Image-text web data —
* * * * *

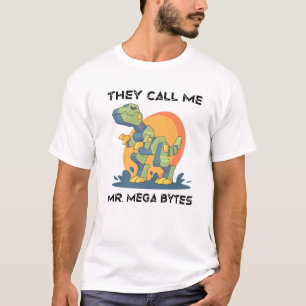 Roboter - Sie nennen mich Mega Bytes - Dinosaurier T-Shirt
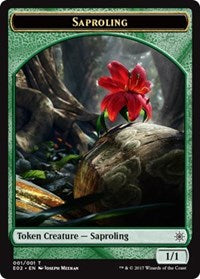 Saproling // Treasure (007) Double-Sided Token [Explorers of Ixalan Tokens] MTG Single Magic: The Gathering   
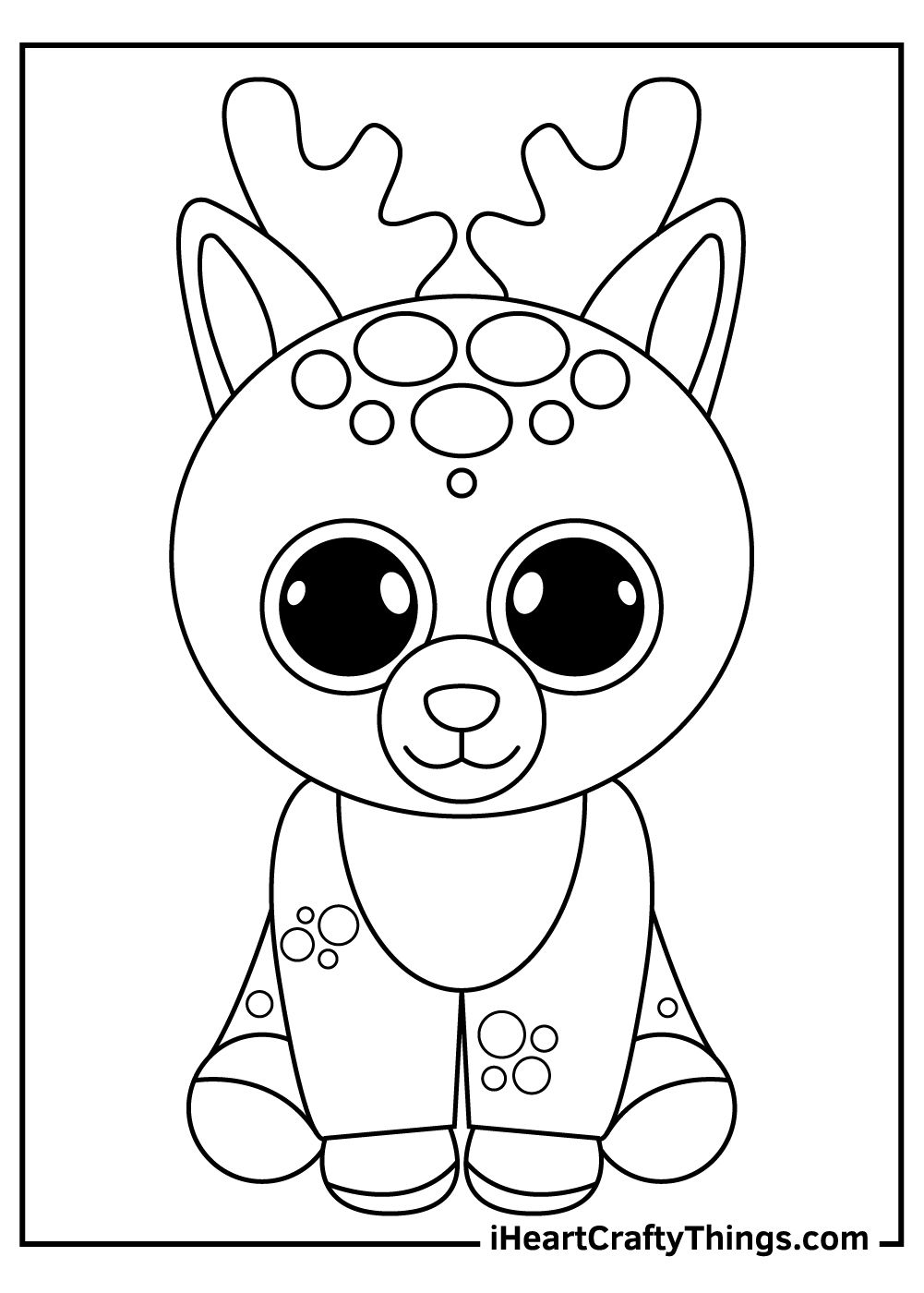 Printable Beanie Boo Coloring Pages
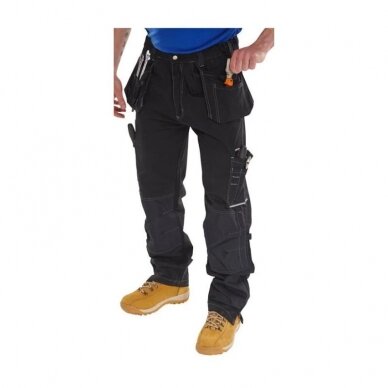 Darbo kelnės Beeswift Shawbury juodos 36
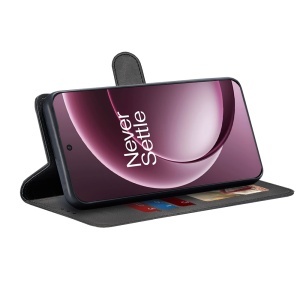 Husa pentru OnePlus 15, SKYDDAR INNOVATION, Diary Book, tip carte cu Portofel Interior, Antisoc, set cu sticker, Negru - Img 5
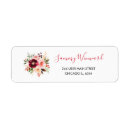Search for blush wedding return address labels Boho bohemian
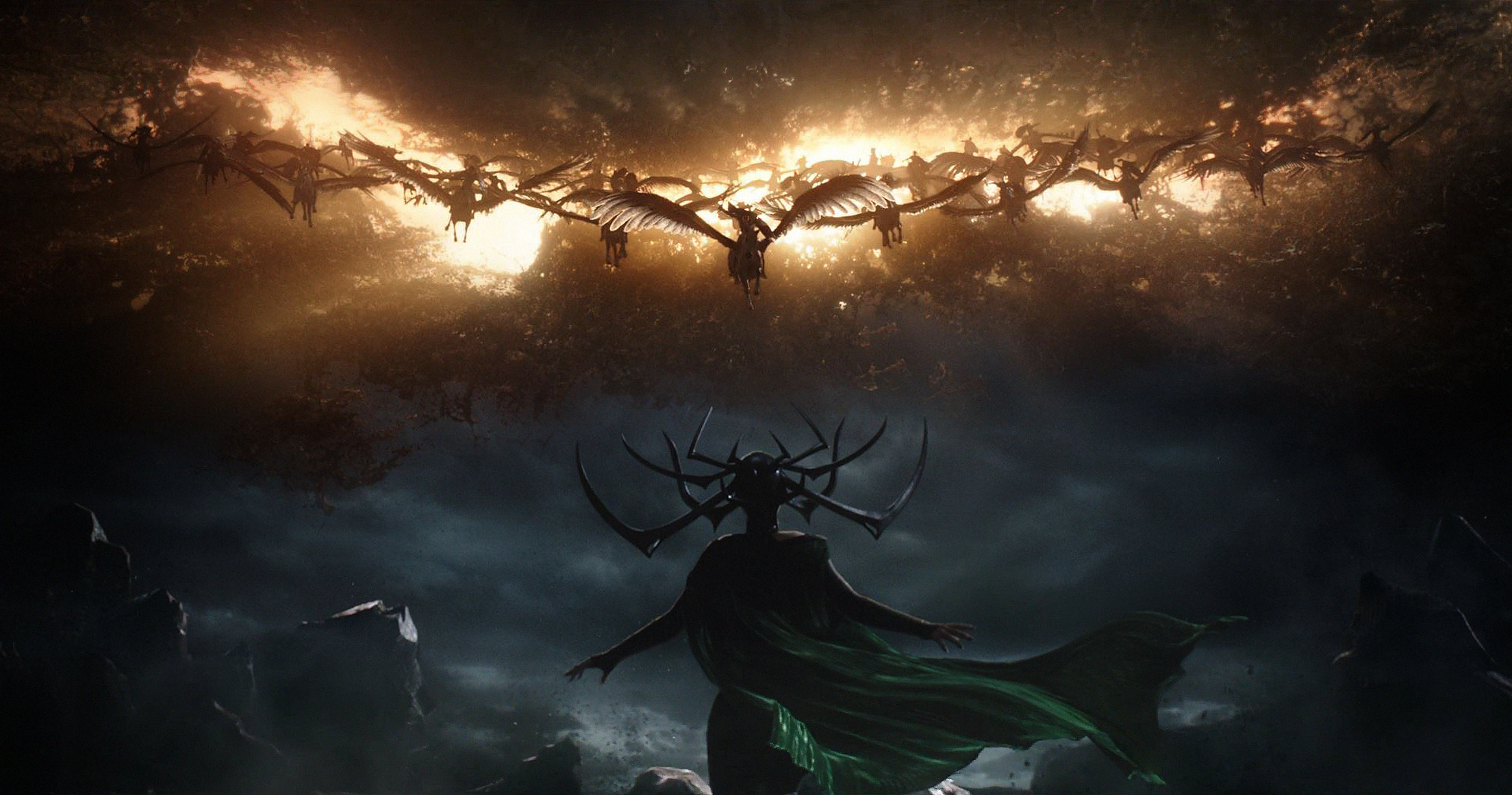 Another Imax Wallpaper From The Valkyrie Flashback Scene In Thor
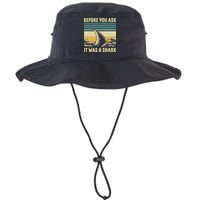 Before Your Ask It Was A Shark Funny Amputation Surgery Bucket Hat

* * * * *

Your instructions — Write out every line above exactly, minus images.

Your response —
 Roboter - Sie nennen mich Mega Bytes - Dinosaurier T-Shirt
 Saproling // Treasure (007) Double-Sided Token [Explorers of Ixalan Tokens] MTG Single Magic: The Gathering   
 Printable Beanie Boo Coloring Pages
 Darbo kelnės Beeswift Shawbury juodos 36
 Husa pentru OnePlus 15, SKYDDAR INNOVATION, Diary Book, tip carte cu Portofel Interior, Antisoc, set cu sticker, Negru - Img 5
Search for blush wedding return address labels Boho bohemian
 Another Imax Wallpaper From The Valkyrie Flashback Scene In Thor
 Before Your Ask It Was A Shark Funny Amputation Surgery Bucket Hat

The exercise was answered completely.